Désormais reconnue comme une très grande série, The Bear s’offre le luxe inouï d’une troisième saison assagie, de digression et de réflexion. Et confirme ainsi sa singularité et son excellence…
« The Beef », le snack bar de quartier nourrissant les voisins de sandwiches de viande de bœuf, est devenu « The Bear », nouveau lieu à la mode de la grande gastronomie de Chicago. Carmy a réalisé son rêve, et a réussi à élever toute son équipe vers l’excellence nécessaire pour faire tourner un tel restaurant. The Bear, la série, aurait pu s’arrêter sur le magnifique dernier épisode de la saison 2 : le triomphe professionnel de Carmy s’accompagnait de son effondrement personnel. Le rêve, une fois atteint, avait des teintes de cauchemar.
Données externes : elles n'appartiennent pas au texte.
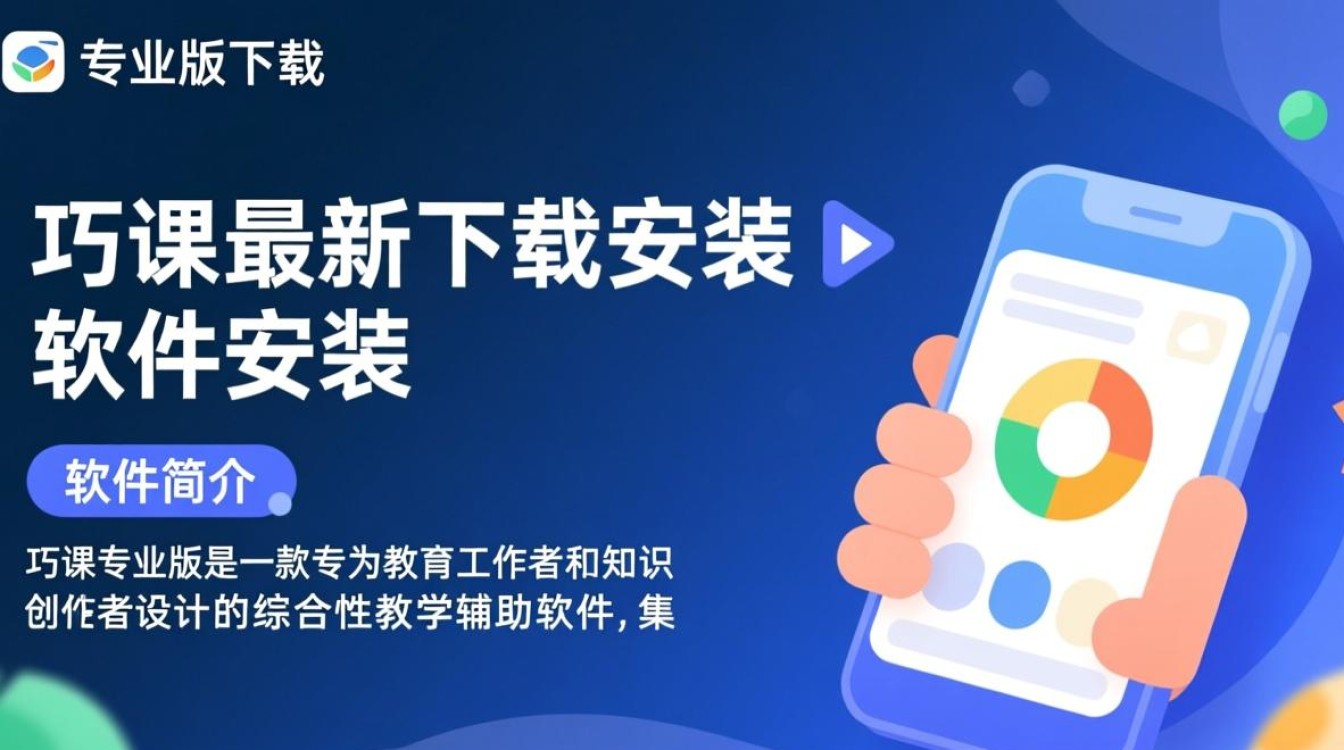 巧课专业版下载安装，最新版一键获取-第2张图片-99系统专家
Mais Christopher Storer, le créateur, scénariste et principal réalisateur de cette série, au démarrage controversé, et qui s’est mise à accumuler les récompenses et les louanges unanimes de la critique, n’était – à l’image de son personnage principal – pas satisfait. Car la vie continue, on le sait tous, et une fois atteint un objectif, d’autres apparaissent : gagner la reconnaissance de la presse spécialisée, décrocher une première étoile au Guide Michelin, et – ce qui n’est pas le plus facile – équilibrer les comptes d’un restaurant qui est un véritable gouffre financier (au grand désespoir d’Uncle Jimmy, qui finance l’affaire…). Et, pour Carmy, reconquérir Claire.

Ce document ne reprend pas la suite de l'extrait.